Hatef Otroshi Shahreza

Idiap Research Institute, Switzerland

Sebastien Marcel

Idiap Research Institute, Switzerland

What Problem It Solves

The paper builds a benchmark across ethnicity and gender groups on IJB-C and RFW, helping teams quantify whether a seemingly strong MLLM is also equitable.

Key Result

FaceLLM-8B clearly leads the generic MLLM baselines, but the paper shows that the most accurate model is not always the fairest one and that uniformly poor systems can look artificially fair.

Abstract

Multimodal Large Language Models (MLLMs) have recently been explored as face verification systems that determine whether two face images are of the same person. Unlike dedicated face recognition systems, MLLMs approach this task through visual prompting and rely on general visual and reasoning abilities. However, the demographic fairness of these models remains largely unexplored. In this paper, we present a benchmarking study that evaluates nine open-source MLLMs from six model families, ranging from 2B to 8B parameters, on the IJB-C and RFW face verification protocols across four ethnicity groups and two gender groups. We measure verification accuracy with the Equal Error Rate and True Match Rate at multiple operating points per demographic group, and we quantify demographic disparity with four FMR-based fairness metrics. Our results show that FaceLLM-8B, the only face-specialised model in our study, substantially outperforms general-purpose MLLMs on both benchmarks.

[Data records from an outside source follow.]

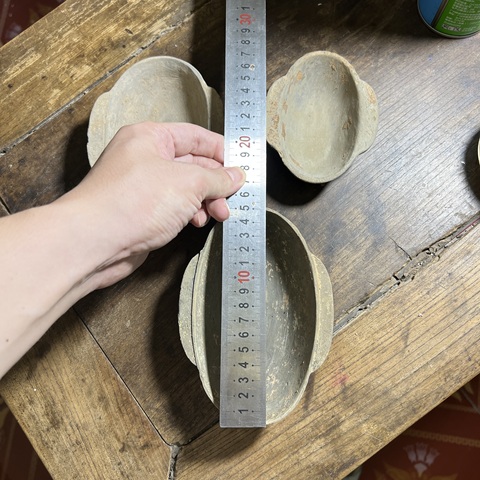 古玩陶瓷灰陶羽觴杯真品鑒賞圖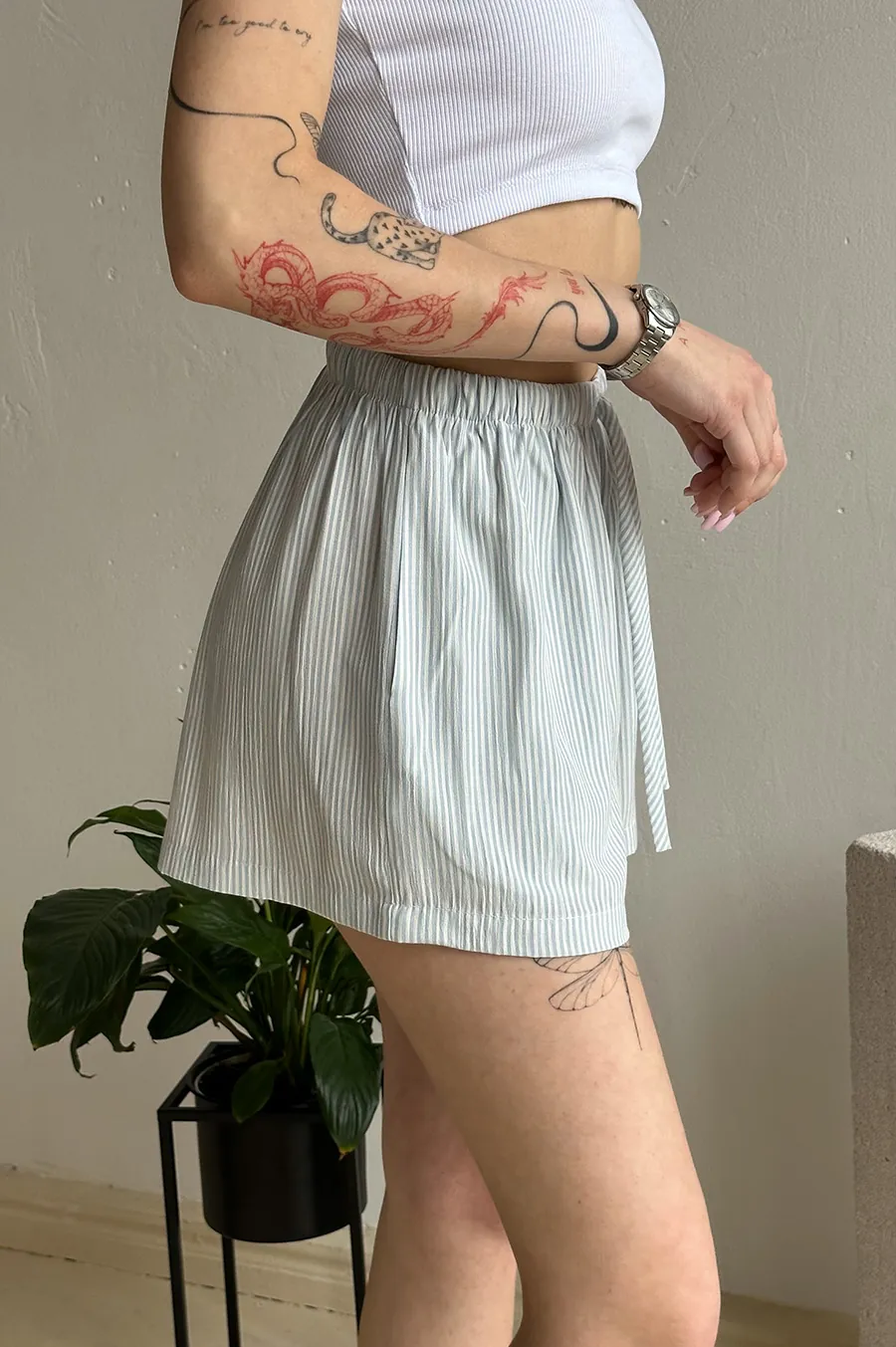 Shorts GARAGE Made of linen fabric Blue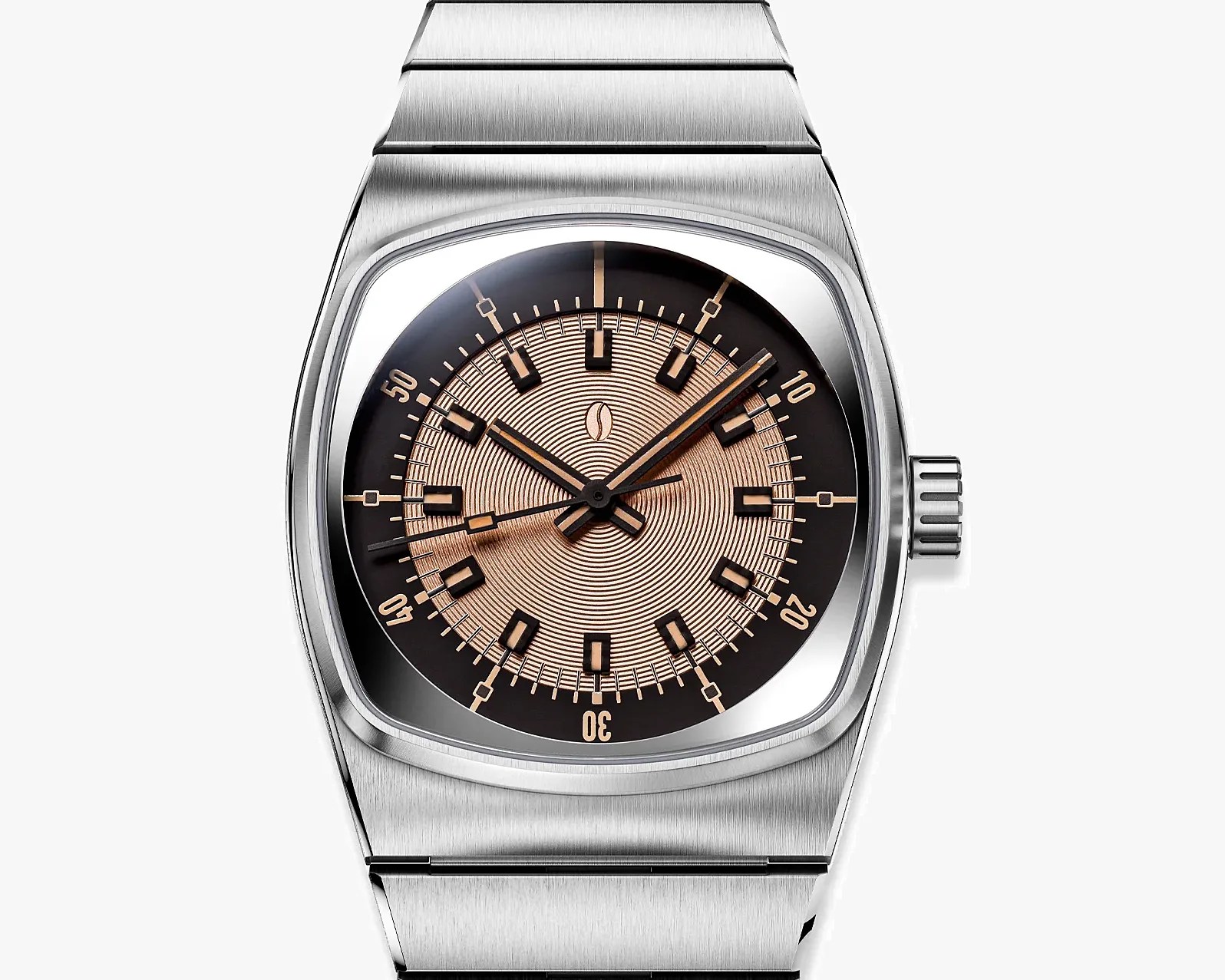 Silver metal wristwatch with a square case and concentric circle patterned rose gold and black dial.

The bias patterns we observe differ from those commonly reported for traditional face recognition, with different groups being most affected depending on the benchmark and the model. We also note that the most accurate models are not necessarily the fairest and that models with poor overall accuracy can appear fair simply because they produce uniformly high error rates across all demographic groups.

Research Starting Point

Multimodal large language models are starting to appear in face verification workflows because they can compare images through general visual reasoning without the same task-specific training pipeline used by classic biometric systems. That flexibility is attractive, but it creates a new problem: teams may deploy a model that appears capable on average while hiding large performance gaps across gender or ethnicity groups. The paper is motivated by the lack of a fairness benchmark tailored to MLLM-style face verification, especially on standard biometric datasets where subgroup differences matter in real deployments.

Method

The authors benchmark nine open-source multimodal models from six families on IJB-C and RFW, treating them as face verification systems rather than generic chat models. They report Equal Error Rate and True Match Rate at multiple operating points for each subgroup, then add four fairness metrics built around false match rate disparities so the evaluation captures both raw accuracy and group-level imbalance. This design makes the paper useful not only as a leaderboard comparison, but also as a diagnostic template for buyers and researchers who need to ask whether a model is consistently reliable across populations.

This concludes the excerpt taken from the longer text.